Pennybacker closes Fund IV above target – Exclusive

The firm’s founder and chief executive says a major differentiating factor for investors is its analytics-driven investment approach.

Pennybacker Capital has closed its latest fund on $510 million, blowing past its $400 million target, PERE has learned.

The Austin, Texas-based firm launched Pennybacker IV in summer 2016. Since the value-add fund launch, the firm moved Thomas Beier, a partner and one of the original members of the Pennybacker team, to Denver to oversee western US efforts, and hired David Stahl away from Lone Star Funds as managing director to oversee its special situations platform.

Pennybacker invests across property types in the US, with an emphasis on Sunbelt states. Fund IV’s investor base is all domestic investors, with a mix of state and corporate pensions, endowments and foundations, including the Employees Retirement System of Texas, which earmarked $25 million, according to PERE data.

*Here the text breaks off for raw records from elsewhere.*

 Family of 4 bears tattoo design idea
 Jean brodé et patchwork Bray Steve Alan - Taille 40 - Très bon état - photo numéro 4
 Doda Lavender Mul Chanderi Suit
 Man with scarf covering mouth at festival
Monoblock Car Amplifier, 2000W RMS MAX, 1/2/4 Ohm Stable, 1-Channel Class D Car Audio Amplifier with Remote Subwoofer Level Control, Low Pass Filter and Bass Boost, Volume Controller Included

The firm is targeting a 13-15 percent net internal rate of return for the fund series. Pennybacker II, which closed in May 2012 on $105 million, has fully realized all investments and generated a 26 percent net IRR to investors. Pennybacker III, which closed on $322 million in 2015, has returned about 57 percent of paid-in capital to date and is about one-third realized.

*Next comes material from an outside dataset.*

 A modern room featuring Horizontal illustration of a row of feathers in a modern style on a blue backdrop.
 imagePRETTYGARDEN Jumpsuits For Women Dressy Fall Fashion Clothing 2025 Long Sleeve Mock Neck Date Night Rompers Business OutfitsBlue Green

Tim Berry, the firm’s founder and chief executive, told PERE that a major differentiating factor for investors was Pennybacker’s emphasis on technology, data and innovation. The firm started a portfolio data and analytics initiative four years ago to collect, analyze and benchmark all performance, accounting and rental data from its assets in a customized, cloud-based system called Pennybacker Alpha.

“Rather than working from an antiquated and unreliable spreadsheet system, we wanted to develop a management system that would allow us analyze performance metrics across funds and property types in real time, from any location,” Berry said.

The firm uploads more than 250,000 data pieces monthly, encompassing performance, accounting and rental data. Berry’s team is building an artificial intelligence learning capability into the system, which will learn from past data and other predictive variables to identify potential risks and opportunities in current and prospective investments.

Pennybacker also uses analytics to identify sub-markets for investment opportunities as well as more accurately forecast its existing portfolio performance.

Outside of its internal data management, the Pennybacker team monitors new real estate technologies through an internal innovation committee.

Although Berry believes these technology efforts put his firm five years ahead of its peers, he said that fundraising is still not easy.

“That’s what a lot of folks don’t realize – it takes a lot of time and purposeful effort,” he said. “We’re constantly challenging the team to push the limits on innovation. The phrase ‘this is how we’ve done it in the past’ is not an accepted answer at Pennybacker.”